‘Like a ‘slay queen’ Tonse Alliance has duped Malawians’, priest weighs in on Catholic bishops letter
Karonga Diocese cleric, Father Robert Songa, has not minced words in lambasting the Tonse Alliance, saying the nine-party team “is indeed a slay queen that has badly duped Malawians with sheer lip service.”
According to some online definitions, the term ‘slay queen’ refers to a young female gold digger who usually likes to show off on social media.
Songa, who is also Karonga Diocese’s pastoral secretary and Bishop Martin Mtumbuka’s secretary, said it was unfortunate that Tonse sweet-talked Malawians during campaign just for votes.
“Malawians were promised a heaven-on-earth kind of life if they voted them into power. They were promised cheap fertilizers, speed trains…but nothing of that sort is happening.
“Things have become worse. Their behaviour during campaign was that of a slay queen who, I am told, simply plays whatever tricks to milk men. It is very unfortunate,” Songa said during a special programme on Tuesday aired on the Diocese’s Tuntufye FM Radio.
In the programme, which also featured Father Charles Chinula and Louis Nkhata, the Diocese’s Catholic Commission for Justice and Peace (CCJP) coordinator, Songa said it was high time the current leadership started walking their talk.

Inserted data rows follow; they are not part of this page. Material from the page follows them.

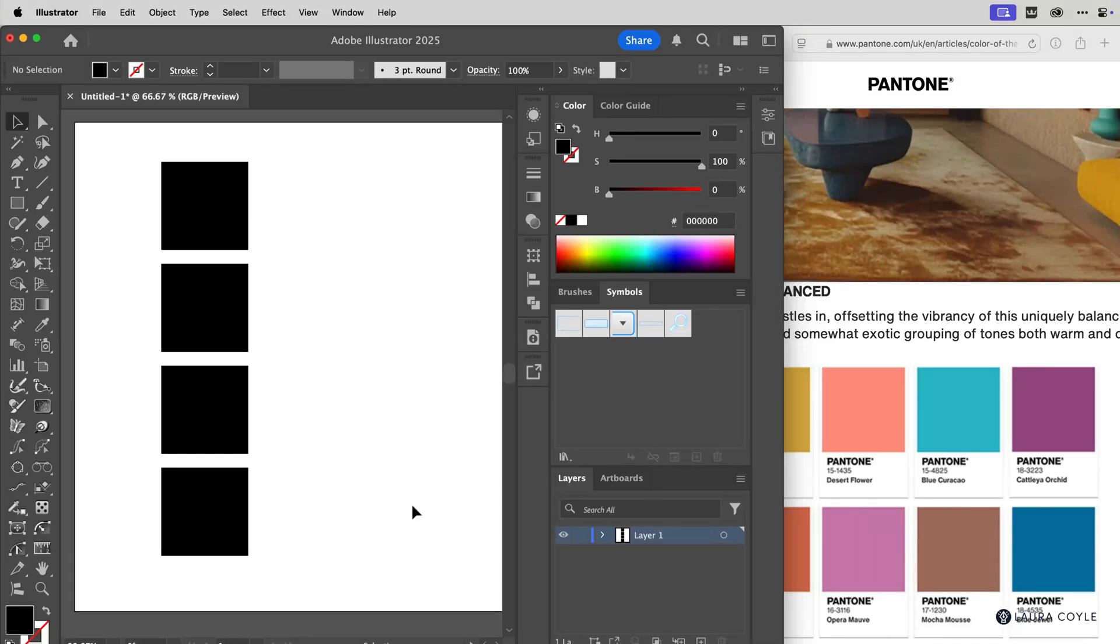Here's a quick tip on how to sample color from outside of Adobe Illustrator. So here I'm in Illustrator 2025.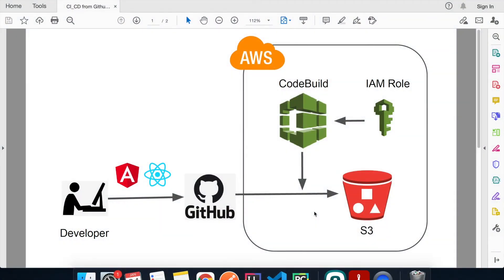Welcome back to another episode of AWS tutorial. Today I'll show you how to automate the process for updating the file content in your S3 bucket. I found it very convenient when I have to update the contents for my website because I host it in an S3 bucket — all I have to do is make changes and push to GitHub, and CodeBuild will build the project and update the S3 bucket contents.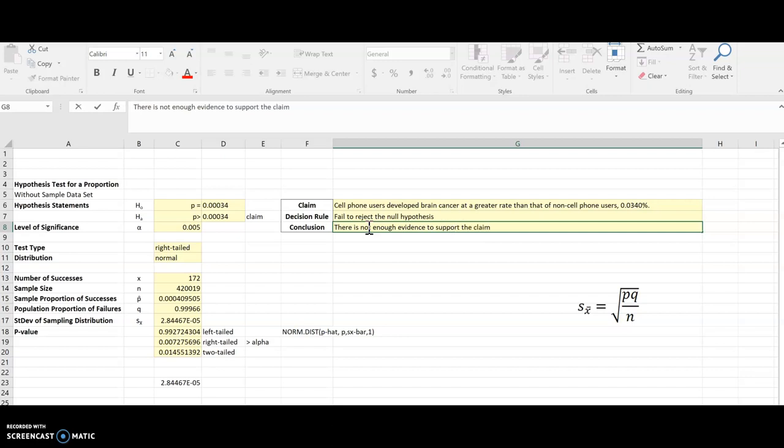And if I really wanted to be thorough, then I could kind of describe that claim here so that the population proportion is greater than 0.0340 percent. And I have come to my conclusion.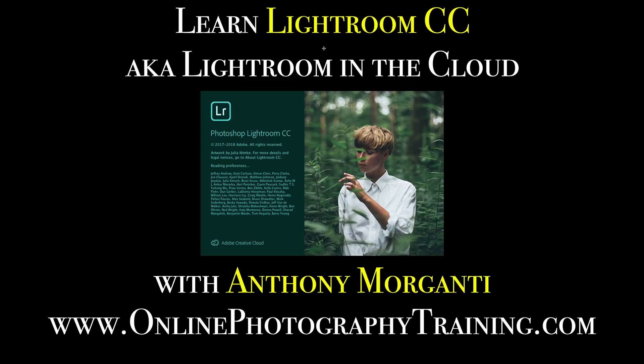Also, in the description below this video will be a link to my website. Come visit my website, www.onlinephotographytraining.com. There, you'll find all kinds of free photography how-to articles and videos. I'll talk to you guys soon.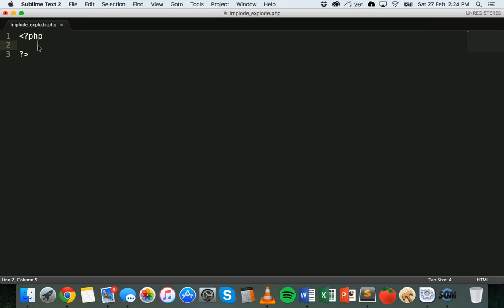Welcome back to another PHP tutorial. In this tutorial we're going to look at the implode and explode array functions. In the past couple of tutorials we've been looking at how to create arrays and how to work with arrays in PHP. Now we're going to look at two functions: the implode function, which basically turns an array into a string, and the explode function, which turns a string into an array.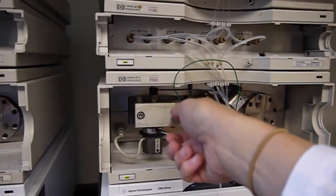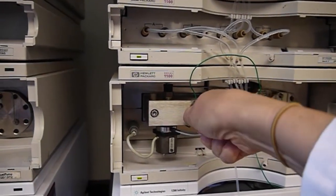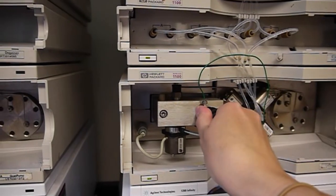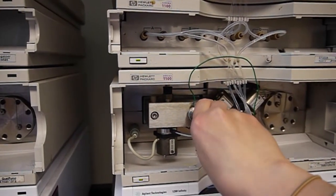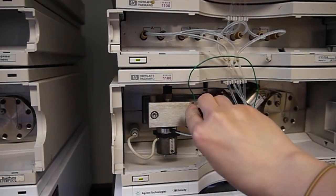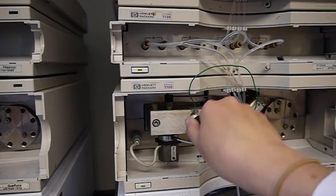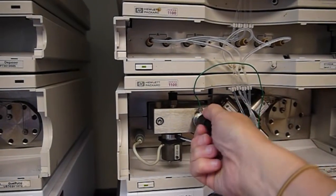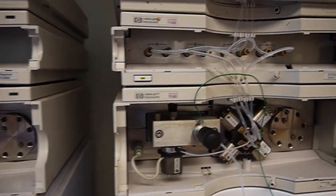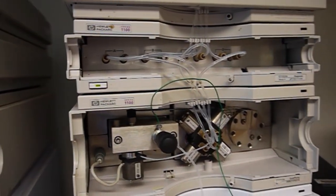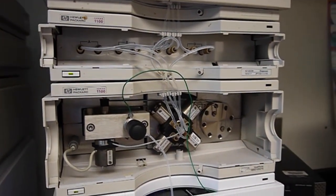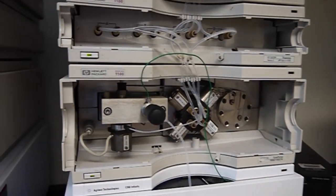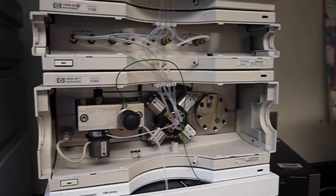I'm going to open the purge valve. You'll feel it reach a point where it releases, and then I'm just going to go a little bit past that, maybe half a turn. You don't want to unscrew this all the way or you'll get solvent leaking out there.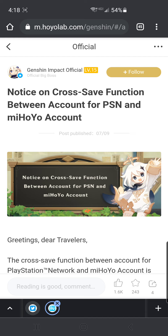For us existing PS4 and PS5 users, we are finally going to have access to the Mahoyo account that was associated with our PlayStation ID this whole time. We get to register it to an email, then access the Mahoyo website — forums, account features like Battle Chronicle that we've never had access to. And we will be able to play our PlayStation account by logging in on mobile, iOS, or PC. That's really awesome.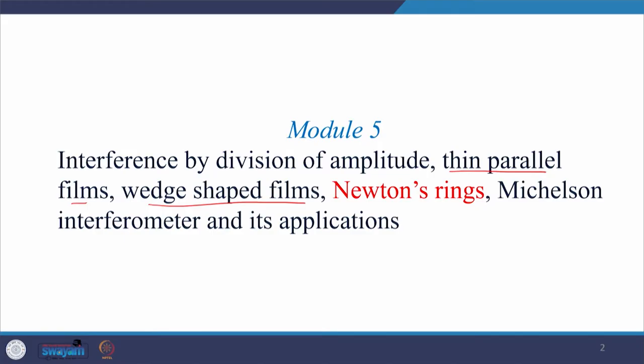Hello everyone, welcome back to my class. We are in module 5 and in the last class, we covered interference in thin parallel films and in wedge shaped films, wherein we talked about interference patterns produced by different rays generated through multiple reflection and refraction. We considered interference among various transmitted and reflected rays. Today, we will start a new topic which is Newton's ring.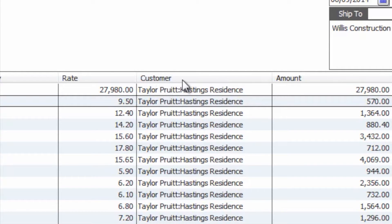The second thing you're going to want to pay attention to is the customer. You do want to make sure that the customer has a job associated with it as well, and that the customer and the job correspond to the information in Construction Suite. You can double-check that by making sure that the customer in QuickBooks matches up exactly with the client in Construction Suite, and that the job in QuickBooks matches up exactly with the project name in Construction Suite.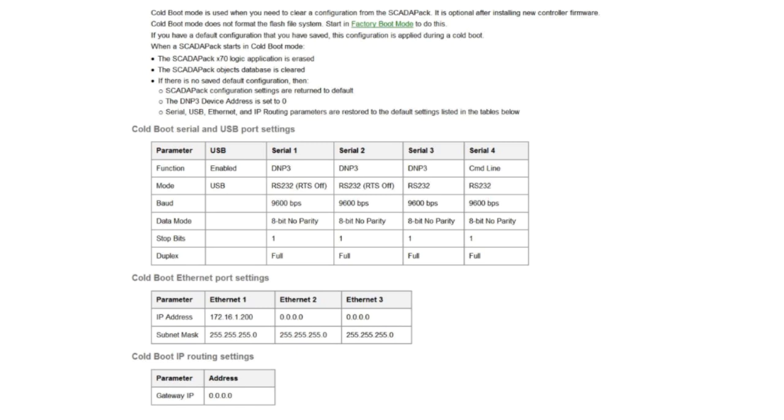Cold boot mode is used when you need to clear a configuration from the ScadaPack. It is optional after installing new controller firmware. Cold boot mode does not format the Flash file system. When the ScadaPack starts in cold boot mode, the ScadaPack X70 logic application is erased. The ScadaPack objects database is cleared. The ScadaPack configuration settings are returned to default. The DNP3 device address is set to 0. Serial, USB, Ethernet and IP routing parameters are restored to the default settings listed.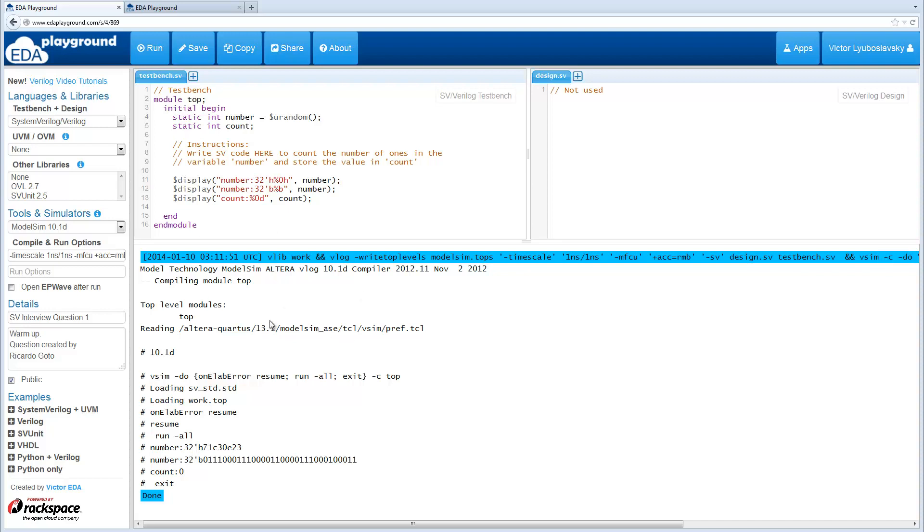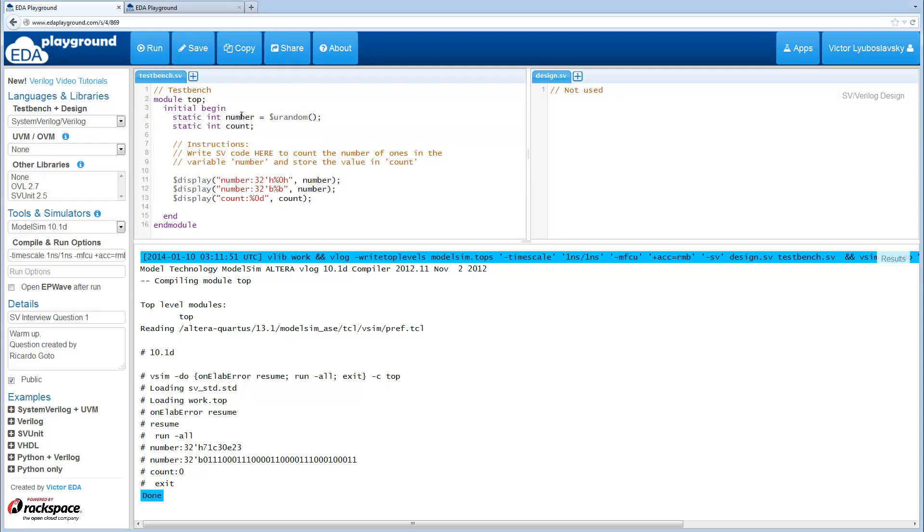We're going to start off the first question with a warm-up, something pretty simple just to get things rolling. Over here we have some code with a variable number and a variable count, and the goal is to write some code to count the number of ones that are present in the variable number.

“Just like they have done before, the bishops have issued this pastoral letter, because they are concerned with what is happening. It is therefore up to the leaders to listen and start working on the issues raised.
“It would be foolhardy for them to simply appear before a state-broadcaster and say they have noted the concerns raised by the bishops. They need to act,” he said.
In corroboration, Nkhata bemoaned the unprecedented levels of inequality in Malawi and added that the Tonse Alliance had a big task to bring to a halt such ills as nepotism, equal distribution of resources especially in the areas of education and agriculture.
“The teacher-pupil ratio is absurd in our schools, especially rural areas, and this continues to hamper the quality of our education. With the farming season approaching, it is already evident, at this time, that government is not prepared at all,” Nkhata said.
And, taking his turn, Father Chinula asked the Tonse Alliance “to listen and focus” on improving the welfare of Malawians.
On Monday, the Episcopal Conference of Malawi (ECM) released a pastoral statement in which they expressed discontent with government’s lack of action on recommendations made in their previous Pastoral letter.
Among others, the statement, titled ‘A Call to Hearken to the Cry of Poor Malawians’, decries lack of consistency in the austerity measures, government’s silence on the Affordable Inputs Program(AIP), the Tonse Alliance’s retrogressive governance as well as institutional failure.
The Bishops have also questioned the current administration’s way of fighting corruption and why the vice is continuing to grow against the Tonse’s campaign promises.
On Tuesday, Minister of Information and government spokesperson, Gospel Kazako, said they would address the concerns raised by the Catholic bishops.
“We will continue listening and this is one of the things that we will be looking at very seriously,” said Kazako.